_Task prompt_
Once you find the line with "La Florentina Fresh" in the listing below, please repeat it and every later line exactly, through the last one, without pictures.

(Exercise input Opens)

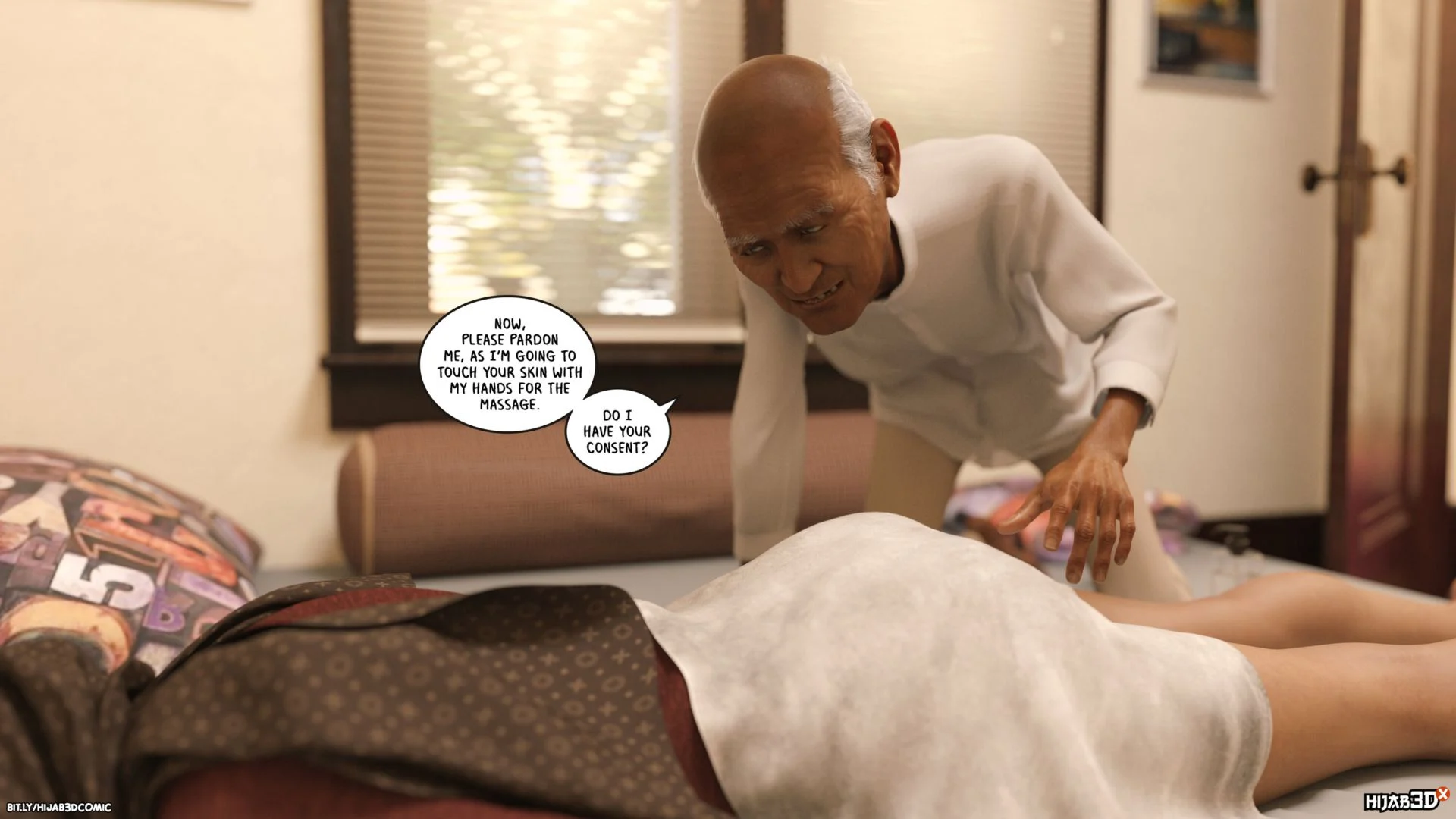 The Masseur [LoseKorntrol] - Chapter 1 — Page 40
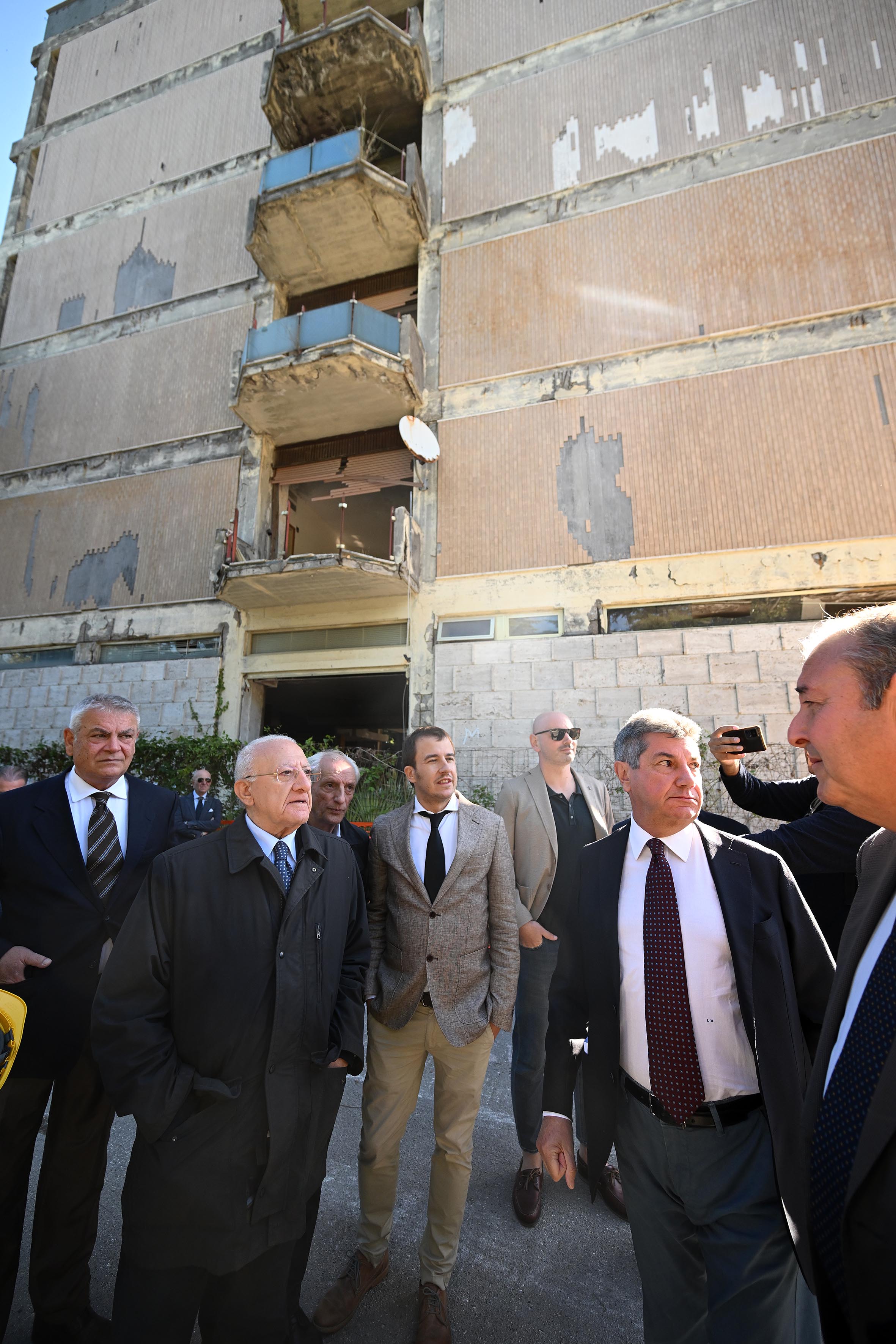 Avvio lavori nuovo Ospedale di Castellammare di Stabia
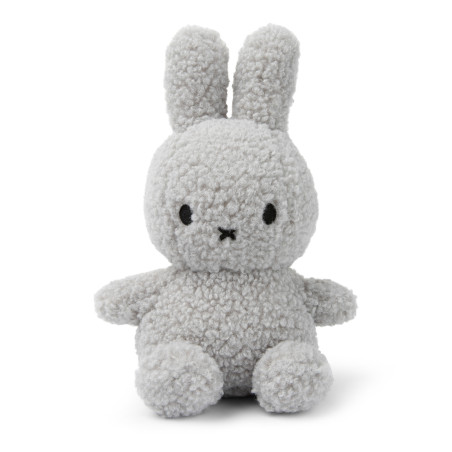 Peluche Miffy Teddy Gris BON TON TOYS, 23 cm
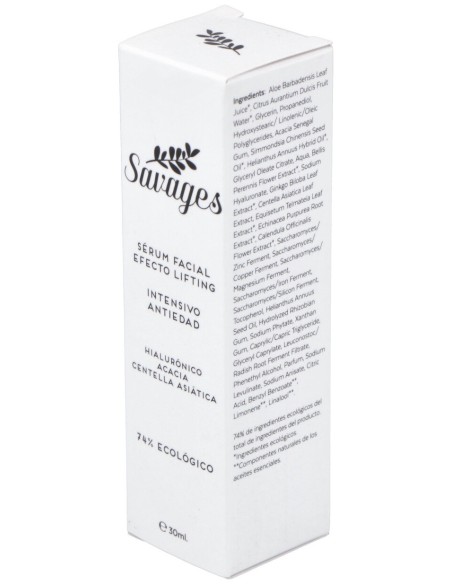 Savages Serum Facial Efecto Lifting 30Ml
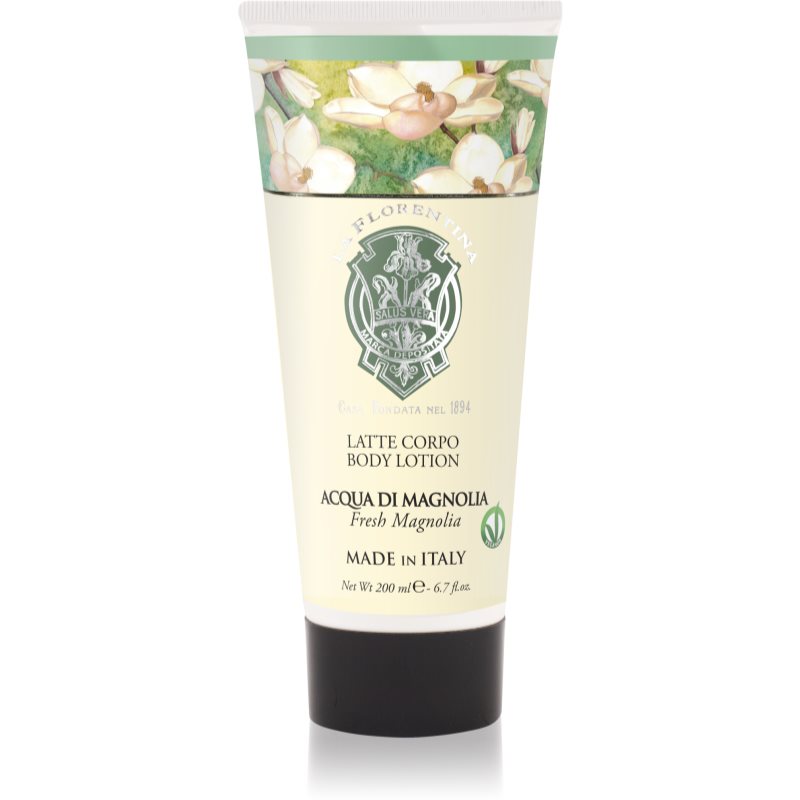 La Florentina Fresh Magnolia Body Lotion хидратиращо мляко за тяло 200 мл.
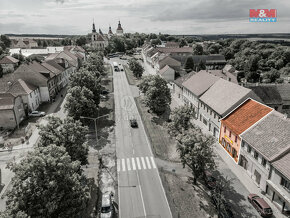 Pronájem rodinného domu s obchodem, ul. nám. T. G. Masaryka - 12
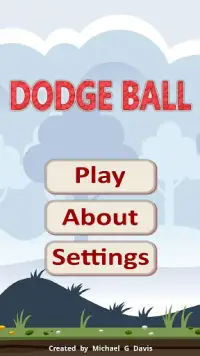 Dodgeball Screen Shot 0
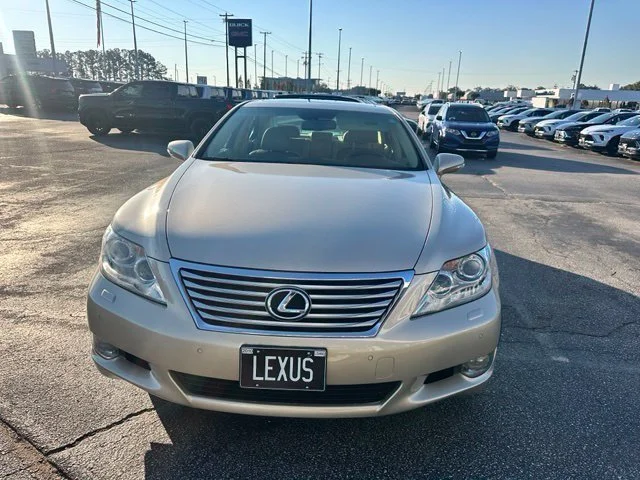 Used 2010 Beige Lexus 460 image 5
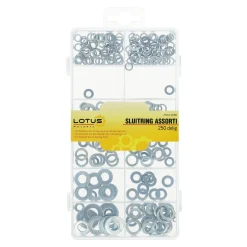 Lotus Bouw<Sluitring en veerring 250-delig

(Exercise input Closes)

_Exercise solution_
 La Florentina Fresh Magnolia Body Lotion хидратиращо мляко за тяло 200 мл.
 Pronájem rodinného domu s obchodem, ul. nám. T. G. Masaryka - 12
 Dodgeball Screen Shot 0
 Used 2010 Beige Lexus 460 image 5
 Lotus Bouw<Sluitring en veerring 250-delig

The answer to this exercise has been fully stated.